BEGIN Material provided
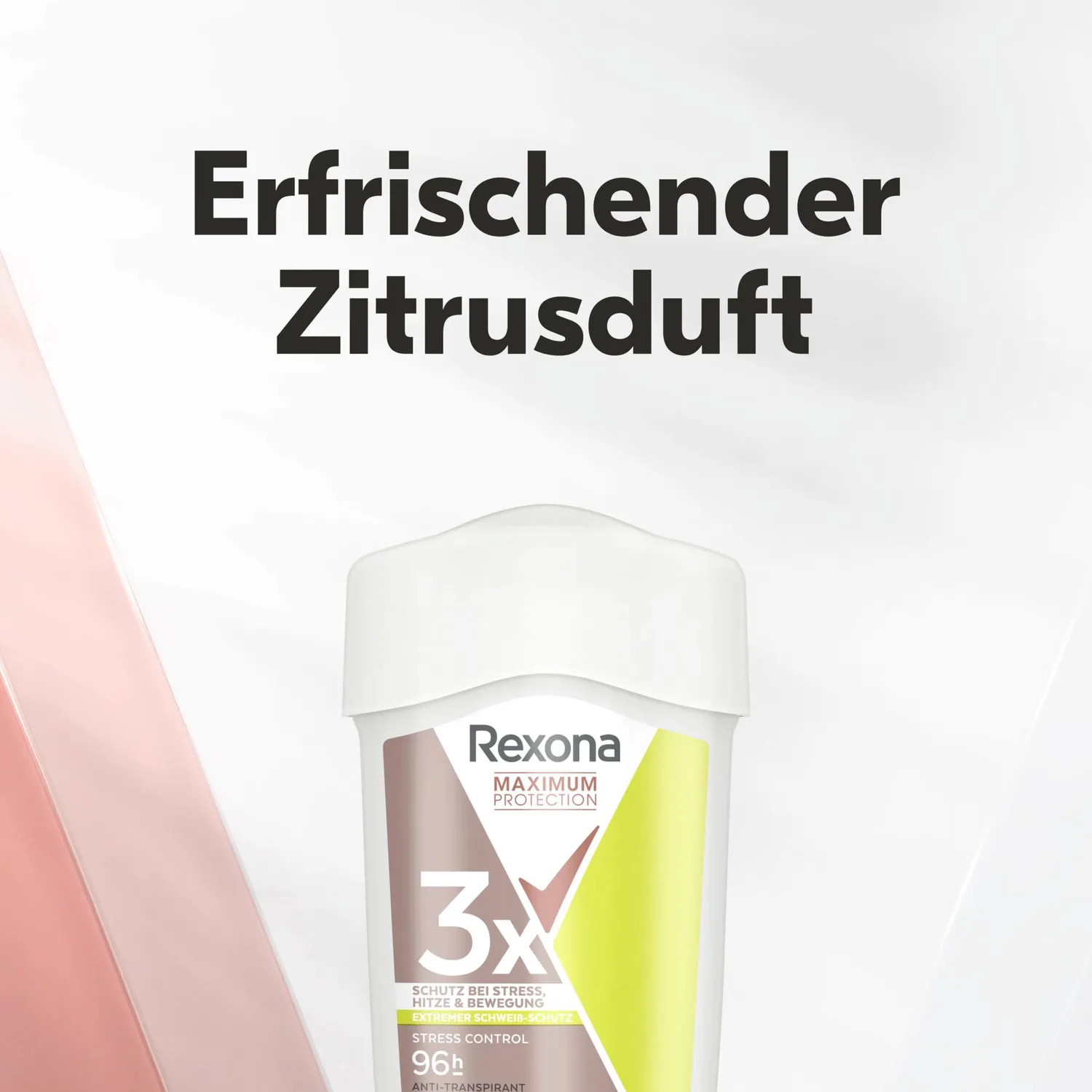 Rexona Maximum Protection Deo-Creme 45 ml Zitrus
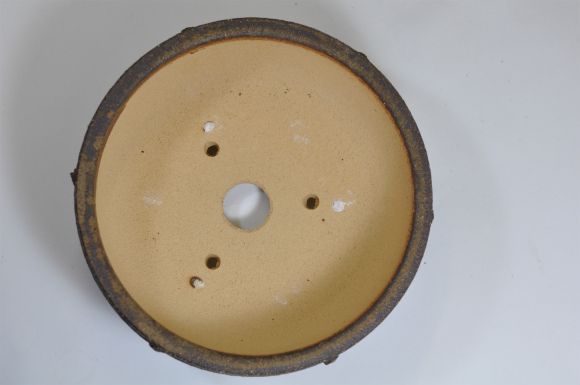 信楽焼き 小紋 (中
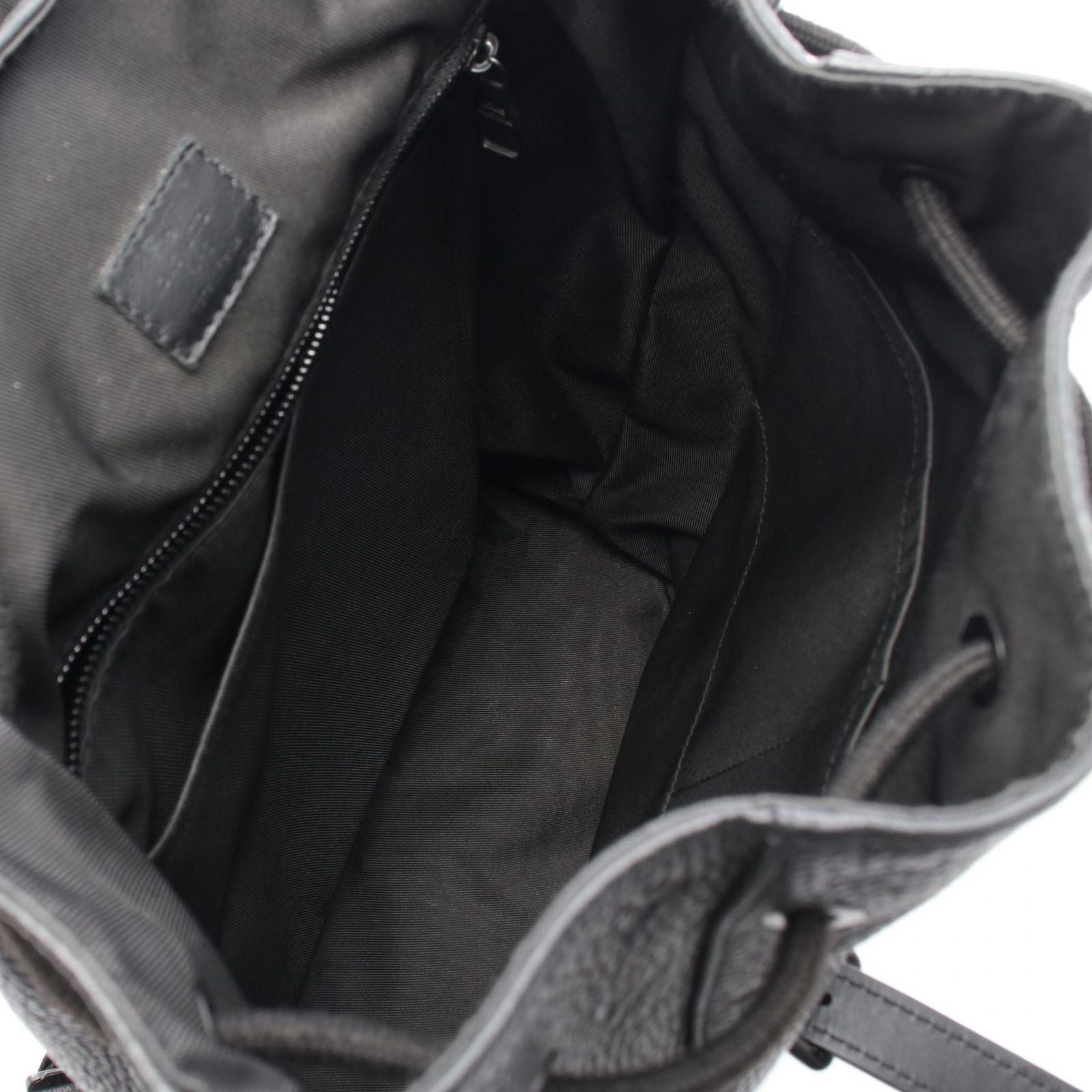 Louis Vuitton Backpack Christopher MM Monogram Taurillon Noir Leather — view 3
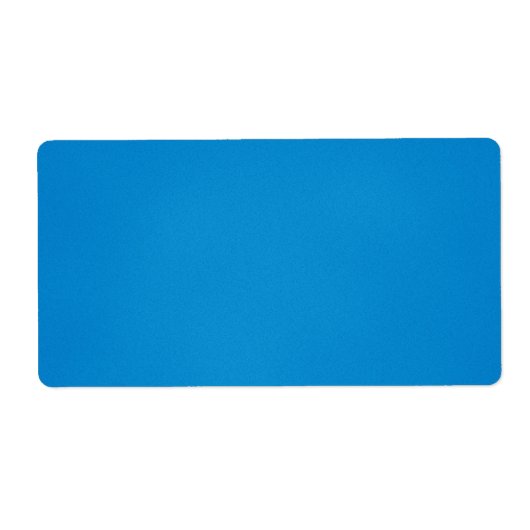Étiquette Bleu Clair avec Texture Granuleuse (Devant)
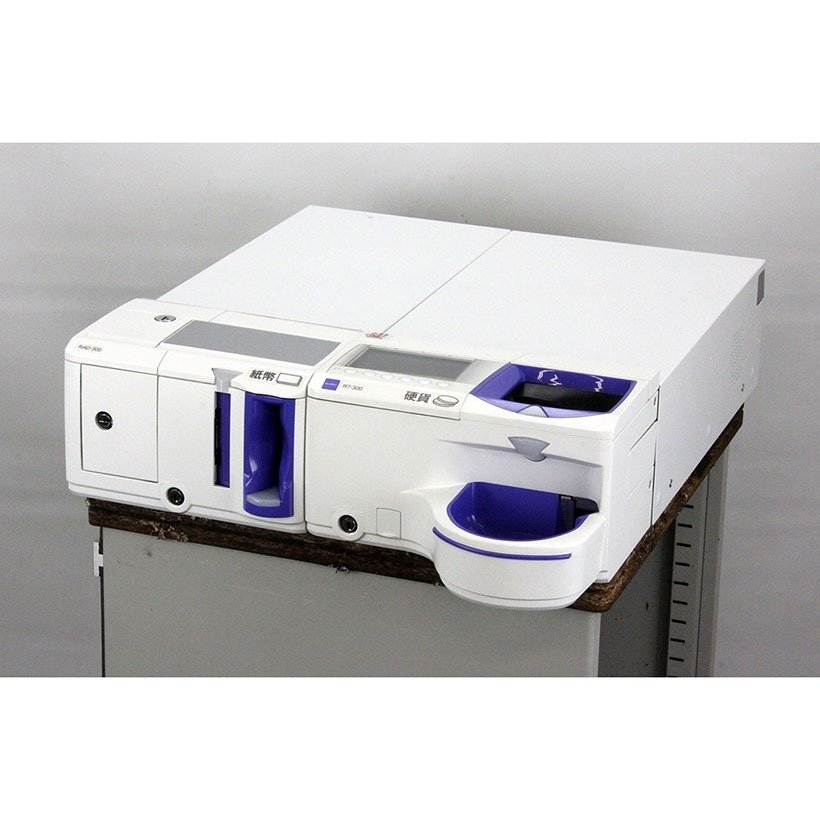 グローリー 釣銭機 RT-300+RAD-300 買取金額 | 金銭機械の買取実績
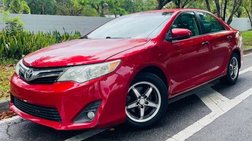 2012 Toyota Camry LE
END Material provided
◆ What needs to be done
The lines to copy begin at the one containing "グローリー 釣銭機 RT-300+RAD-300 買取金額 | 金銭機械の買取実績" and end at the last line of the records. Set down exactly those lines and no others, both ends included, and omit all pictures.

◆ Final answer
 グローリー 釣銭機 RT-300+RAD-300 買取金額 | 金銭機械の買取実績
 2012 Toyota Camry LE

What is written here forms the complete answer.